Exercise prompt:
Exactly as written, return all the data, leaving its pictures behind.

Source records:
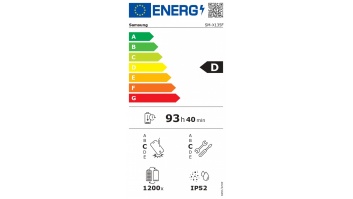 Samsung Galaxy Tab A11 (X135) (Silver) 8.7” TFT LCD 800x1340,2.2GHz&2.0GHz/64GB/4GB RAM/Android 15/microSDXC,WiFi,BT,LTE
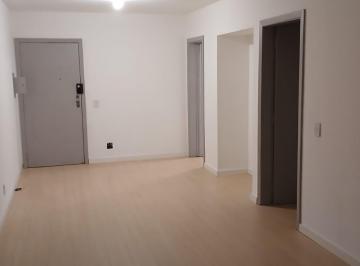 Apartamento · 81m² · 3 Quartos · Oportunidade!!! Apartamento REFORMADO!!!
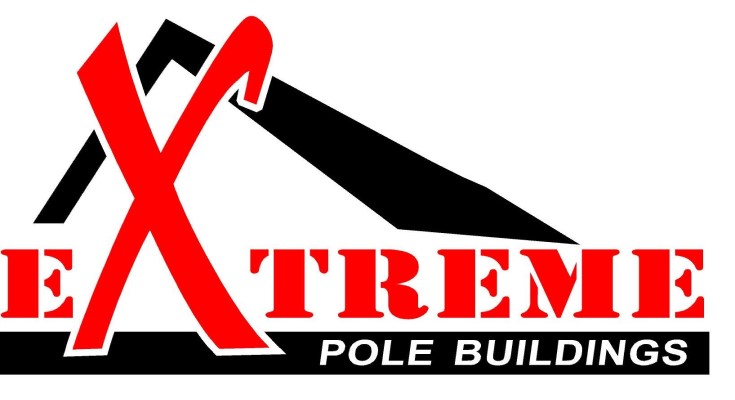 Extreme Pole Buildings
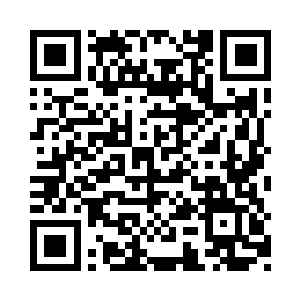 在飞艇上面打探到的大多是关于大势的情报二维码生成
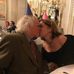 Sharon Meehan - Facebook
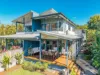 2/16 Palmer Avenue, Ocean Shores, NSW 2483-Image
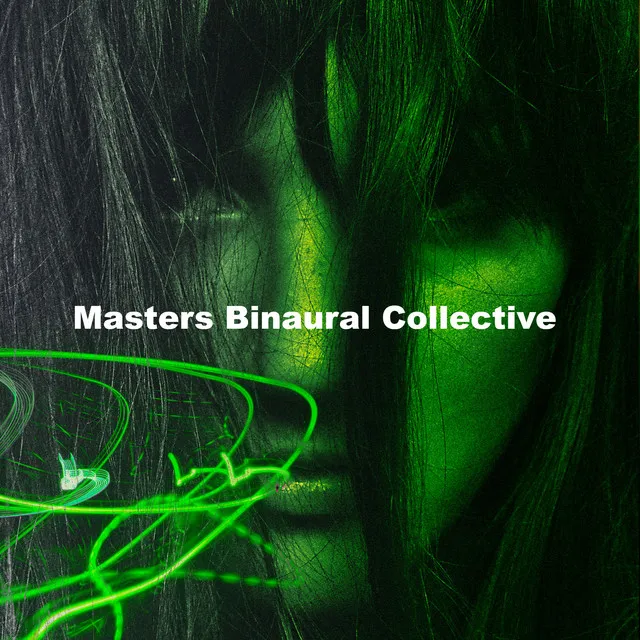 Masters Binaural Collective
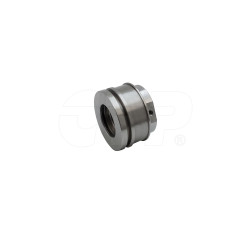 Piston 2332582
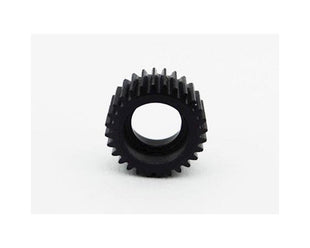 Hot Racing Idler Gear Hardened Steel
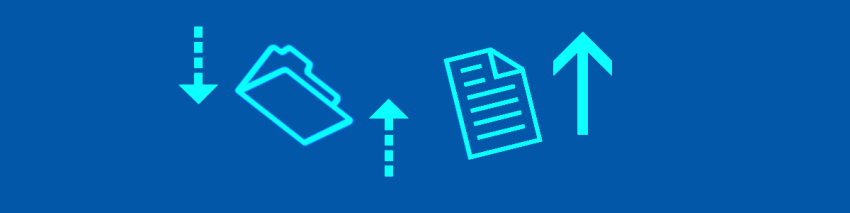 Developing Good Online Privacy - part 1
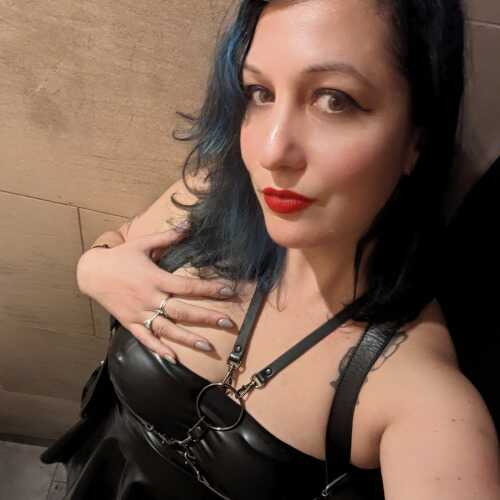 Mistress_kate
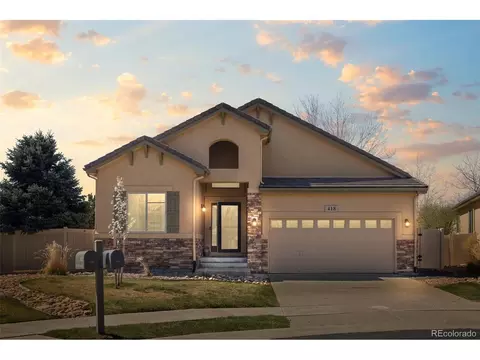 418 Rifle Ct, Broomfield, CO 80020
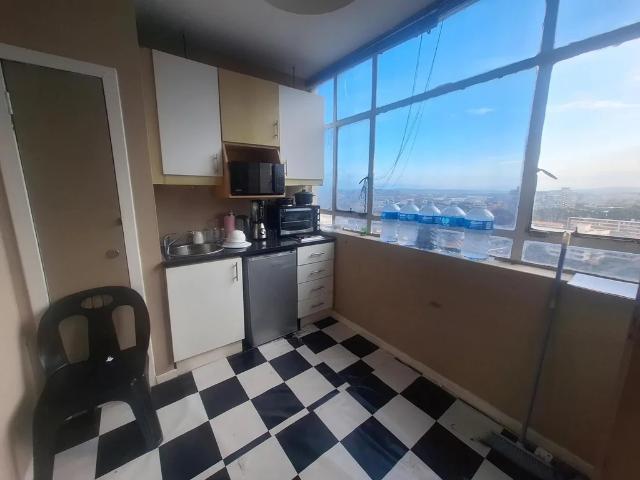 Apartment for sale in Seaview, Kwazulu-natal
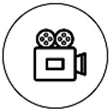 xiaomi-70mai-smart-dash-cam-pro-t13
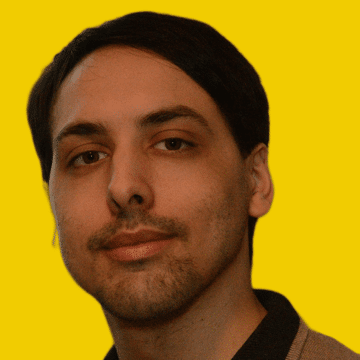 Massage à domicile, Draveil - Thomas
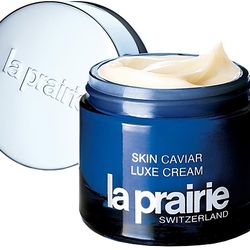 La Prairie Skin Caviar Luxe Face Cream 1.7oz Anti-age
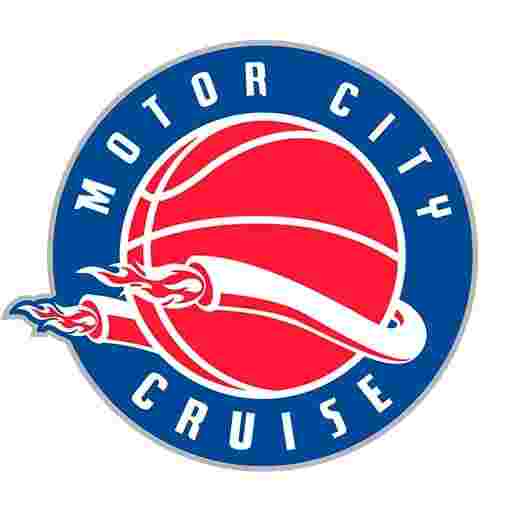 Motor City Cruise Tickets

Output for this task:
 Samsung Galaxy Tab A11 (X135) (Silver) 8.7” TFT LCD 800x1340,2.2GHz&2.0GHz/64GB/4GB RAM/Android 15/microSDXC,WiFi,BT,LTE
 Apartamento · 81m² · 3 Quartos · Oportunidade!!! Apartamento REFORMADO!!!
 Extreme Pole Buildings
 在飞艇上面打探到的大多是关于大势的情报二维码生成
 Sharon Meehan - Facebook
 2/16 Palmer Avenue, Ocean Shores, NSW 2483-Image
 Masters Binaural Collective
 Piston 2332582
 Hot Racing Idler Gear Hardened Steel
 Developing Good Online Privacy - part 1
 Mistress_kate
 418 Rifle Ct, Broomfield, CO 80020
 Apartment for sale in Seaview, Kwazulu-natal
 xiaomi-70mai-smart-dash-cam-pro-t13
 Massage à domicile, Draveil - Thomas
 La Prairie Skin Caviar Luxe Face Cream 1.7oz Anti-age
 Motor City Cruise Tickets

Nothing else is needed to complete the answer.